[WHAT IS EXPECTED] Where in the records does the word "idea" appear? Copy each line that holds it.

[DATA LISTING]

--- START ---

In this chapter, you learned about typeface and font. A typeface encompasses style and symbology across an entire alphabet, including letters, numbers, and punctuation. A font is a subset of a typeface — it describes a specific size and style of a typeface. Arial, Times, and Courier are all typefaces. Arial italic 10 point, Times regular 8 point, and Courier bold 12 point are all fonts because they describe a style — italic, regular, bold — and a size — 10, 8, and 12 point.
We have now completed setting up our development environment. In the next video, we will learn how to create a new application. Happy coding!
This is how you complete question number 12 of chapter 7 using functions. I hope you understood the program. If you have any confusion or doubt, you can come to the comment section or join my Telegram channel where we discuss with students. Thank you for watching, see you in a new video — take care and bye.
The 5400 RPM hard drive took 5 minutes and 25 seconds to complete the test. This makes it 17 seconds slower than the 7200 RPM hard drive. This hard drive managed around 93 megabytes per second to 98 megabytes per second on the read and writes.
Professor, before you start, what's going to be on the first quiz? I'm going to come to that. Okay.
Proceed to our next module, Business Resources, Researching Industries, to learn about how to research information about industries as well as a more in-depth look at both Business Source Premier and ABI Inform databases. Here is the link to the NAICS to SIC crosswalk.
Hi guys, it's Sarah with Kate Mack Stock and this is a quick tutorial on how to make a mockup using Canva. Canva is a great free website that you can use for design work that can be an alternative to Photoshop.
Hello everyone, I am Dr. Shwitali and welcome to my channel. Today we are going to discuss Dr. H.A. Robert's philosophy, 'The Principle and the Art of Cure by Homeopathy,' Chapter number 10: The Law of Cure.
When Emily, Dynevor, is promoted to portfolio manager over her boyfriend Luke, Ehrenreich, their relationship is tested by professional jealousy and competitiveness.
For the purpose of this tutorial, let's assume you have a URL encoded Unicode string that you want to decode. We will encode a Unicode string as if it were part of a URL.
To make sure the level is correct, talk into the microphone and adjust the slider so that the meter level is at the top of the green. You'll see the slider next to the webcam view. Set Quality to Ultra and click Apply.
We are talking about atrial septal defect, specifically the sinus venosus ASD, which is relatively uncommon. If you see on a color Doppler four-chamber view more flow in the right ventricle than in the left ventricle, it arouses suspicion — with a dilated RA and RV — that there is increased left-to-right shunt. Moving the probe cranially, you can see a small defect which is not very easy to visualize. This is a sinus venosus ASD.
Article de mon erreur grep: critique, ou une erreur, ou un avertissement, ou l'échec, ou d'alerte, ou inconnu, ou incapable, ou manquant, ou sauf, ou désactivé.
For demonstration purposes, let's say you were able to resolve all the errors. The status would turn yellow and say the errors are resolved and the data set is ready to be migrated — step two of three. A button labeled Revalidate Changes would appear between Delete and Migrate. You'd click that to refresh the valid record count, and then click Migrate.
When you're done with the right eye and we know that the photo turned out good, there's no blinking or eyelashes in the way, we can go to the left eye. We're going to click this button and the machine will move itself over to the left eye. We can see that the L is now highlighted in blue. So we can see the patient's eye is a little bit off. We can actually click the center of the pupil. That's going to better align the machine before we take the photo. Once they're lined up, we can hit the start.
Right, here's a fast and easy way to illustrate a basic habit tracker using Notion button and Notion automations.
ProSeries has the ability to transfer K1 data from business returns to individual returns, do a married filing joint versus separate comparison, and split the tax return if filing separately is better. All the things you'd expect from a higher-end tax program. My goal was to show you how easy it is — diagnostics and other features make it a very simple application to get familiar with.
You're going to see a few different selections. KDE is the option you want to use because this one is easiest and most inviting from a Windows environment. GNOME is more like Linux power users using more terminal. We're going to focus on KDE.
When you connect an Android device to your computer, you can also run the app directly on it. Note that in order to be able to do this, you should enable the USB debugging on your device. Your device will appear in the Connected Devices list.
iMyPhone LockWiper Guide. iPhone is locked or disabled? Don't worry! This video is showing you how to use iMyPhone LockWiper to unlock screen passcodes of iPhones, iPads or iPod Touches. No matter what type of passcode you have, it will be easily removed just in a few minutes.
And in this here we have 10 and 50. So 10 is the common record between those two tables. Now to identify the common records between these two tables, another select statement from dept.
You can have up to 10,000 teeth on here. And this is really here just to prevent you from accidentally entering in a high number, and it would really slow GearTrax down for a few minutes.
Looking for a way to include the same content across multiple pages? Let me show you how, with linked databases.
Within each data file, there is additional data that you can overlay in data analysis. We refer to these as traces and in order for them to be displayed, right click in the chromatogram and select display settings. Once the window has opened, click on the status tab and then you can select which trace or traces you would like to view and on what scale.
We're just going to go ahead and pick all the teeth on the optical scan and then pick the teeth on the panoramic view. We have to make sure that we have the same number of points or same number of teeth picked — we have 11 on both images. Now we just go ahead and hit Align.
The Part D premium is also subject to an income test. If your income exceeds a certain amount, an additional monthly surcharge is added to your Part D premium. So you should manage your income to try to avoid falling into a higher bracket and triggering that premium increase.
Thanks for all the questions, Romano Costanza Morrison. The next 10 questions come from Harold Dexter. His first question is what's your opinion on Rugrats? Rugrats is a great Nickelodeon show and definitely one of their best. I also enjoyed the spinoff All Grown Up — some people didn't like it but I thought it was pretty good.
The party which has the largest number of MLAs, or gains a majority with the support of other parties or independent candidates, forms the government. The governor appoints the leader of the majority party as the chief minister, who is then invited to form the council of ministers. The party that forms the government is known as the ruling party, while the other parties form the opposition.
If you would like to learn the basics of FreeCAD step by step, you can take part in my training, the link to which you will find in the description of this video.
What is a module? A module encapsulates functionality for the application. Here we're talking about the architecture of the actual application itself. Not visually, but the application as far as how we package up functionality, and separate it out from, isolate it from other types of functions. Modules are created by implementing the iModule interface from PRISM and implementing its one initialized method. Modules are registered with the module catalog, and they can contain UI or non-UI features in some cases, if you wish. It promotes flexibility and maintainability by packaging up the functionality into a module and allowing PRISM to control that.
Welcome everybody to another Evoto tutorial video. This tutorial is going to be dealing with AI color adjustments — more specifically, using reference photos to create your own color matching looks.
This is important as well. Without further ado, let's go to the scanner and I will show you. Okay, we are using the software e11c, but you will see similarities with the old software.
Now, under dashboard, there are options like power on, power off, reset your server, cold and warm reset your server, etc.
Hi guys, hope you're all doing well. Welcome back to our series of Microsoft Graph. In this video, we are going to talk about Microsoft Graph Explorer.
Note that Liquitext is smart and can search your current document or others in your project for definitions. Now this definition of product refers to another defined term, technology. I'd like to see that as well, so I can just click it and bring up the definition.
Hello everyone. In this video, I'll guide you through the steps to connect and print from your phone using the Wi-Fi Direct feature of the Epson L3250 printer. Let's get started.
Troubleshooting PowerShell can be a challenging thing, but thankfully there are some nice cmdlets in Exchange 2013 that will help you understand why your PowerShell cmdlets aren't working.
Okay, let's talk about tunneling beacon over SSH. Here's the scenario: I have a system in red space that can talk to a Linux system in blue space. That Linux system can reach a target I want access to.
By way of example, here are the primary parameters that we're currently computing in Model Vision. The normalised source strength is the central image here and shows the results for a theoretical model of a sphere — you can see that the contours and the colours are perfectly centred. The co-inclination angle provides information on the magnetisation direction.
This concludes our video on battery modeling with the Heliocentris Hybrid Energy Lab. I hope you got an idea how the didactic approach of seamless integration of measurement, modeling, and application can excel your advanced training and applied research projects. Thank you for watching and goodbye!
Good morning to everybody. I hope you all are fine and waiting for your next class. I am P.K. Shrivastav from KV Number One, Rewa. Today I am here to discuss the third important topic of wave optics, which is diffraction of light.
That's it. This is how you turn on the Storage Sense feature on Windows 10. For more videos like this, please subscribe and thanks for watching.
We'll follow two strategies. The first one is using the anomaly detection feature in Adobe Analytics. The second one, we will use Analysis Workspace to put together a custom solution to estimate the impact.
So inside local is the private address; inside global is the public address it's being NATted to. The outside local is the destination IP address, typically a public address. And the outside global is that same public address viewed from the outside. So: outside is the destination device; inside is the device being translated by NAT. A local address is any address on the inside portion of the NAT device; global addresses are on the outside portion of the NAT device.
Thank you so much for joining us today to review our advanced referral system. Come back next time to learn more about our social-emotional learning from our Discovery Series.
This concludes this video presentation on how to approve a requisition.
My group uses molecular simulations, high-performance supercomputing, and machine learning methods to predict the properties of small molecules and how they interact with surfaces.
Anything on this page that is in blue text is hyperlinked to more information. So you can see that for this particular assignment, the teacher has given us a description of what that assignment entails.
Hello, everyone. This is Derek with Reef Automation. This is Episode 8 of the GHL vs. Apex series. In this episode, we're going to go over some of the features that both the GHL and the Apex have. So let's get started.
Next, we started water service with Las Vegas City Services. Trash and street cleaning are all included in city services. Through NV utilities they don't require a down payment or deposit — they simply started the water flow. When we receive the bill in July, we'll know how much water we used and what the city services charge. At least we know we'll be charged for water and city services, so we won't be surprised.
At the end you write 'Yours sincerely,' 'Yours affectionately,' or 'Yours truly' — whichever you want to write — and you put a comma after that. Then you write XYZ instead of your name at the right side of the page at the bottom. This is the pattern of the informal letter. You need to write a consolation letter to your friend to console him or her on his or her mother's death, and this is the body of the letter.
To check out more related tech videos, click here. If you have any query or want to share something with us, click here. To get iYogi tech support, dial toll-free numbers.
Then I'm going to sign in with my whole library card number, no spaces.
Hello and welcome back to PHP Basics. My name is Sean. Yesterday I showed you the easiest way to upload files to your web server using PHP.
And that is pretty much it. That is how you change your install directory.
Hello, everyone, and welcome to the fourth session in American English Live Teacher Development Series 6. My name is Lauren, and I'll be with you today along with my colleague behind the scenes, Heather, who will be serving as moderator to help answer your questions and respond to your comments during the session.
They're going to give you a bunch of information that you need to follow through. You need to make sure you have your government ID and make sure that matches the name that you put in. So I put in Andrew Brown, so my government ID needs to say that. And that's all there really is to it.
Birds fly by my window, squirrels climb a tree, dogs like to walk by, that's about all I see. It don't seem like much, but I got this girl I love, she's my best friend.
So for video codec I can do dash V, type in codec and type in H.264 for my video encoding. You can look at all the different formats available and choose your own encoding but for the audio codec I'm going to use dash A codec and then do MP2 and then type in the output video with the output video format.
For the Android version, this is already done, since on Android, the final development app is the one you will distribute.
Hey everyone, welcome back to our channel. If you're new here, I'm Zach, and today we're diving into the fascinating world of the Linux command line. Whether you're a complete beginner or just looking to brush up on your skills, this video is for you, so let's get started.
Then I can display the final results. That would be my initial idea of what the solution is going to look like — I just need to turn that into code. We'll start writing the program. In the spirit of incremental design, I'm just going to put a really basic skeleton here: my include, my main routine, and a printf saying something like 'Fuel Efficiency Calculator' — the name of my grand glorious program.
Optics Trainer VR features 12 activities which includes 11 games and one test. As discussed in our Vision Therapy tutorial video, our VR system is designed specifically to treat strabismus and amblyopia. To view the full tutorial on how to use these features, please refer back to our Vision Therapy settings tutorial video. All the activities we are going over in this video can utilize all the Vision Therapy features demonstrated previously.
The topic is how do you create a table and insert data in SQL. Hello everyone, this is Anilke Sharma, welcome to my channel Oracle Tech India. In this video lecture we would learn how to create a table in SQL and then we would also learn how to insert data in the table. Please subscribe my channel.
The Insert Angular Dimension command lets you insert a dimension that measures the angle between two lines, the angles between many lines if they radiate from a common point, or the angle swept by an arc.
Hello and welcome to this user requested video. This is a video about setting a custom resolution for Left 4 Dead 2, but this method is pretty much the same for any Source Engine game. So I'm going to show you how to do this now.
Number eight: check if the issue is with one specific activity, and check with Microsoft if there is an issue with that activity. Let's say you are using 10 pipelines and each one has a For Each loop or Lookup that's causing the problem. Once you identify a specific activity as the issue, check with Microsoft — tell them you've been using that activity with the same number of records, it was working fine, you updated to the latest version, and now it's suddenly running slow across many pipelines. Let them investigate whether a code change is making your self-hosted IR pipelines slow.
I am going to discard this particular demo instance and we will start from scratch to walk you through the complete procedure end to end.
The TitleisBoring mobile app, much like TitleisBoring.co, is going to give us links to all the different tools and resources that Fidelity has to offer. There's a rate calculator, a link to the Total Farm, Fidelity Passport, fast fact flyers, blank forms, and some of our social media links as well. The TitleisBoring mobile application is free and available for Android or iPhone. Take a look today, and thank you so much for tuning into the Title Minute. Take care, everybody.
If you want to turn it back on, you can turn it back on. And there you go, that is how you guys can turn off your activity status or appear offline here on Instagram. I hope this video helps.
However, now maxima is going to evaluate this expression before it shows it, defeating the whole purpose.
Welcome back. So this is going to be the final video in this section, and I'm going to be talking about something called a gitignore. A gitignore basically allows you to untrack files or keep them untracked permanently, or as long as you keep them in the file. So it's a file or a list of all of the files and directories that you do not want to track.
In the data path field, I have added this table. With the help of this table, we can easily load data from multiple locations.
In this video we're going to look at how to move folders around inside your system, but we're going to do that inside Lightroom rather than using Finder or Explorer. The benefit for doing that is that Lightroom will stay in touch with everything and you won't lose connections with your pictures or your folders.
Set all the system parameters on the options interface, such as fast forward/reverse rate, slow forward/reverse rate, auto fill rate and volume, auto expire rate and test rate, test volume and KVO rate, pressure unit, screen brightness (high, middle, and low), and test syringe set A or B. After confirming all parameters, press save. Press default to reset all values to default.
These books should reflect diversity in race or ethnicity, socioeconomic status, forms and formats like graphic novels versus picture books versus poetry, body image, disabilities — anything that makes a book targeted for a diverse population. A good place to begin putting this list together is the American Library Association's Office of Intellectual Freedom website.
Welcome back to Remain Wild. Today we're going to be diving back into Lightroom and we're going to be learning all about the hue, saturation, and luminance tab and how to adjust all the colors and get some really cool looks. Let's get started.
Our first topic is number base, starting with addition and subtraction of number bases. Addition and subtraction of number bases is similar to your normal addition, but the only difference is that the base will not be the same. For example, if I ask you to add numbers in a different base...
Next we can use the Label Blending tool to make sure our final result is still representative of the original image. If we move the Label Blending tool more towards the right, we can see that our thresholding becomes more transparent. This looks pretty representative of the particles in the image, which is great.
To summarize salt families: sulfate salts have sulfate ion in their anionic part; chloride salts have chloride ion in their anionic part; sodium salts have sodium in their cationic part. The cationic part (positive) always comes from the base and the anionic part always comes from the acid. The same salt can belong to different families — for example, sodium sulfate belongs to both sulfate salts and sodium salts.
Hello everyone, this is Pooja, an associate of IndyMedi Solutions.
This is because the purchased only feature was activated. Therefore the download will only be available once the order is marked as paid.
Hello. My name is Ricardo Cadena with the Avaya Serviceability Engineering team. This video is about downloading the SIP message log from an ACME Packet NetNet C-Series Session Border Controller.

--- END ---

[RESULT OF THIS TASK]
This concludes our video on battery modeling with the Heliocentris Hybrid Energy Lab. I hope you got an idea how the didactic approach of seamless integration of measurement, modeling, and application can excel your advanced training and applied research projects. Thank you for watching and goodbye!
Then I can display the final results. That would be my initial idea of what the solution is going to look like — I just need to turn that into code. We'll start writing the program. In the spirit of incremental design, I'm just going to put a really basic skeleton here: my include, my main routine, and a printf saying something like 'Fuel Efficiency Calculator' — the name of my grand glorious program.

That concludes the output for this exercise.